Соломон Бурак больше не мог на это смотреть. Кадиш постоянно ругался с ним, говорил, что его надо отправить обратно в Польшу, кичился своим немецким происхождением, но сейчас это не имело значения. Он еврей. Пусть немецкий еврей и, конечно, дурак дураком, как все немчики, но Соломон не допустит, чтобы гои над ним издевались. Он быстро, незаметно для других подмигнул старшему. Тот все понял и отменил приказ.
– Оставаться на месте! – бросил он Кадишу. – И уплатить десять марок, по марке за надпись.
Людвиг Кадиш еще не понял, чего от него хотят, а Соломон Бурак уже отсчитал за него десять марок и намекнул старшему, что с ним, Соломоном, всегда можно договориться, если что, а пока лучше бы ему забрать своих людей и уйти. Кадиш вытирал стеклянный глаз и причитал над своим магазином, как над покойником:
– Дожил… «Еврей» написали!
– Не понимаю только, зачем они написали это у меня, – сказал ему Соломон. – И так на вывеске написано «Соломон Бурак», ясно, что я из Мелеца, а не из Потсдама…

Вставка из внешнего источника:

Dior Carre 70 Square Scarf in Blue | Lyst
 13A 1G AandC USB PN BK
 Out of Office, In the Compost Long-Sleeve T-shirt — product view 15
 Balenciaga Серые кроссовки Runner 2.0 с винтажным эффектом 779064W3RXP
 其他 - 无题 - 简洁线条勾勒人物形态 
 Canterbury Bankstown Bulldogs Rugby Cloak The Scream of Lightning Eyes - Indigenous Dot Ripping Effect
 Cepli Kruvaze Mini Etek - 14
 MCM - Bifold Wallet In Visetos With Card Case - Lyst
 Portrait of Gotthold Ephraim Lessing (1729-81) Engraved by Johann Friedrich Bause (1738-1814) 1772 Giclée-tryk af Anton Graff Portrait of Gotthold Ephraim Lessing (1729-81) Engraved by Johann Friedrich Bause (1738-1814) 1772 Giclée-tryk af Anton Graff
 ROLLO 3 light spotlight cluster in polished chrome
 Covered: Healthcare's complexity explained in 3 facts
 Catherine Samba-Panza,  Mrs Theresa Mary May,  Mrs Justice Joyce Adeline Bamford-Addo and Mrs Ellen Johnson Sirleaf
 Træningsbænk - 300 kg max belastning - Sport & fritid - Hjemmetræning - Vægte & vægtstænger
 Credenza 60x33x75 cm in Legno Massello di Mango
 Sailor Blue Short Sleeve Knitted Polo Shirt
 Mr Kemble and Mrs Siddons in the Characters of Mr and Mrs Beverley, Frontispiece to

Доктора Карновского не арестовали, но запретили, как всем врачам-евреям, принимать немецких женщин. Он успокаивал себя тем, что он может практиковать еще в дипломатической колонии, но ему дали понять, что этого делать не следует. Нельзя запретить семьям дипломатов у него лечиться, но ему запрещают их лечить, пусть оставит это врачам-христианам, а сам лечит евреек. Клиника, которую доктор Карновский выкупил у наследников профессора Галеви, стала бы убыточной. Конкуренты намекнули, что готовы за небольшую сумму приобрести ее с инструментом, мебелью и всем, что в ней есть. У Карновского не было выбора. Он недавно закончил в клинике ремонт, установил новейшее оборудование, но пришлось уступить за десятую часть настоящей цены. За годы труда он получил пачку бумажных денег, с которыми не знал, что делать. Когда любой может безнаказанно посягнуть на еврейское имущество, опасно и хранить их дома, и положить в банк.